Coyote Wanders Dangerously Close To People

Published 12:00 am Monday, August 13, 2012

What’s a gun-totin’ girl to do when face-to-face with a coyote?
Michele Collins, 50, of Wallburg thought the mangy-haired, drunk-acting critter was probably rabid to boot as it wandered on consecutive days within spitting distance of a house under construction in the Stonebluff development of Clemmons near the Davidson County line.
Spitting distance? Well, within 10 to 15 feet of the building crew, which just happened to include her boyfriend; thus her concern.
“Something needs to be done before it bites a small child or attacks another animal,” she said.
Wild animal sightings seem to be more common these days, particularly as coyotes gain a foothold and houses are built in old woodlands. Coyotes seem to have an appetite for small pets, especially slow-footed, aging cats. Patsy Crenshaw in Mocksville reported foxes close to her home last week. Woods nearby have been cleared, upsetting habitat.
Ms. Collins did what any responsible person would do: Call the authorities. Thus began her trip on the bureaucratic run-around.
The Forsyth County Animal Control told her they don’t deal with wild animals and referred her to the N.C. Wildlife Commission. The wildlife spokeswoman told her to just avoid the animal, adding that if the coyote is rabid it will probably die soon anyway, and the agency just … isn’t coming out.
“That girl didn’t have the sense to get in out of the rain,” Ms. Collins assessed.
So she called the Forsyth County Sheriff’s Department and volunteered to shoot the animal herself.
Well … there’s an ordinance prohibiting shooting firearms within 300 feet of another dwelling. There are plenty of other dwellings nearby, some occupied by Winston-Salem policemen and a retired deputy. They couldn’t rightly ignore a law-breaker, could they?
“I’ve got a gun and I know how to use it, but I don’t want to go to jail,” she said.

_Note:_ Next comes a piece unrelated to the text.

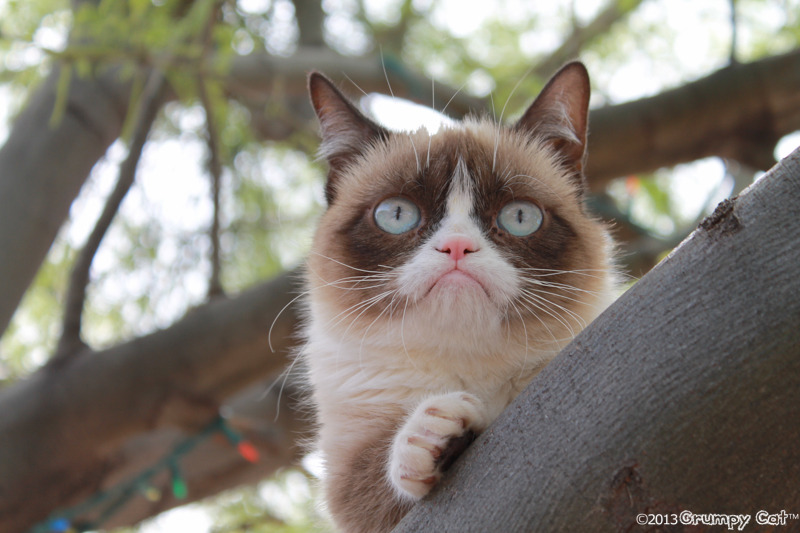 The Daily Grump | April 6, 2013
 A few new Grumpy Cat products were added this week!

She was then referred to a commercial pest control company which offered to set traps for a $95 consultation and daily fee after that until the animal is caught.
She didn’t want to pay that, especially since a quick, cheap rifle shot would have solved the problem easily enough.
“It seems like an awful travesty — I can carry arms but I can’t shoot it.”
What good is the Second Amendment if you can’t shoot a coyote?
 “I am so frustrated,” she said.
Meanwhile, the coyote was dangerously close to the men working on the house.